Cooperation between the Private sector and the government is well established and there is constant consultation on major economic decisions. All the government strategies for various sectors as they exist today have been set up in collaboration with our confederation as the representative of the private sector. We are not only involved in the design of different sector strategies but also in their implementation.
What we propose is to improve the implementation phase of the strategies at the national level and the adaptation of the plans at the regional level. This is to be conducted in accordance with the advanced regionalization plan initiated by His Majesty the King a year ago.
We expressed our opinion on this plan and proposed that the determination of the regions be entirely based on economic criteria. We have also recommended that each region should evolve around a major city which will be its economic pole and play an important economic role for regional development .
Today, we have 16 economic regions which, in our opinion, are too many. So we will need to reduce this number of regions and try to construct regions that are economically sound. In that way, an important degree of solidarity in the whole of the kingdom can be guaranteed.
We are trying our best to promote free trade with our neighbor countries. We would like the Maghreb to be perceived as business entity to facilitate our proceeding.
We have also suggested a number of new business opportunity sectors to be developed in Morocco despite the fact that their impact will be limited during the decade 2011-2020.
What other countries have you strong ties with?
We have created the Confederation of the Maghreb Employers 3 years ago.
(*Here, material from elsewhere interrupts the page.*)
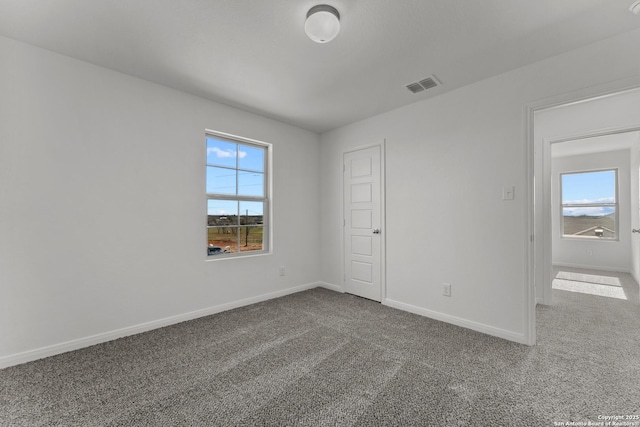 empty room featuring baseboards, visible vents, and carpet flooring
The Maghreb Union of Entrepreneurs groups together the 5 employers’ confederations of the 5 Maghreb countries: Mauritania, Morocco, Algeria, Tunisia and Libya.
Other partners include Europe. We consider our relation with Europe to be more of a responsibility than an advantage. We believe in regional integration, if we want our country to hold a position in the new global configuration, we need to reinforce our region, the Maghreb, as well as that of the Mediterranean basin with southern Europe. We are convinced that the fate of Morocco is linked to that of the whole region.
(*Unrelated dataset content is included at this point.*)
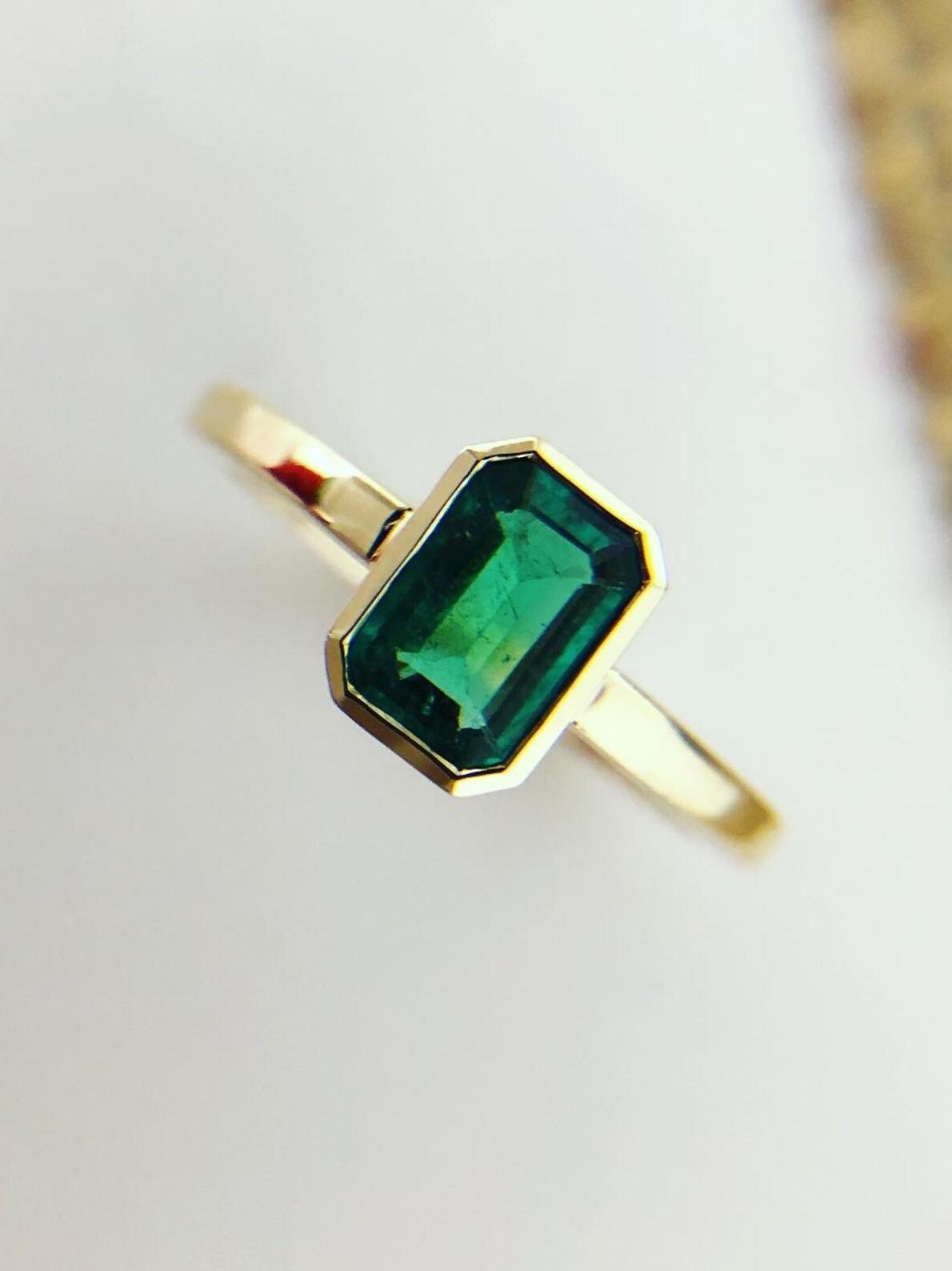 Emerald Solitaire Engagement Ring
What are the macroeconomic fundamentals to attract investment in Morocco?
Strategically, the choice of Morocco can be summarized in 2 points: a production platform, and an export platform. Creating a production platform is supported by the development strategies facilitating and promoting production in Morocco.
Creating an export platform is to take advantage of the free trade agreements enjoyed by Morocco with Europe, the USA and the four Arab partners of the Agadir Agreement. Another free trade partner is Turkey. More free trade agreements being finalized with West Africa, Central Africa and Canada.
Therefore, we would like to build on these two platforms, production and exports. The other assets of Morocco are its geographical situation, its political stability, and its qualified human resources. They are the backbone of our planned strategies.
In addition, Morocco is a continuous building site with the numerous large infrastructure projects being implemented in Morocco such as motorways, railways, ports and airports as well as integrated industrial platforms and large housing projects which are being built to improve the life of the citizens.
What do you think can be done to accelerate or improve exports of goods from Morocco?
While the balance of payments is stable, the problem is our trade deficit and more specifically in the exchanges of goods. Increasing exports is one of the main targets set up in our strategy ” Vision 2020″, In fact our plan relies heavily on our performance in improving exports. So we suggest the following:
1) Rationalizing imports and
2) reinforcing and developing the exports of goods and services.
We are working to strengthen small businesses (SME’s), trying to enable them to achieve a critical size which in turn will enable them to improve their competitiveness. They need support to build strategic development, to improve their management of human resources, and to have efficient marketing . This will help them to position themselves in the global configuration.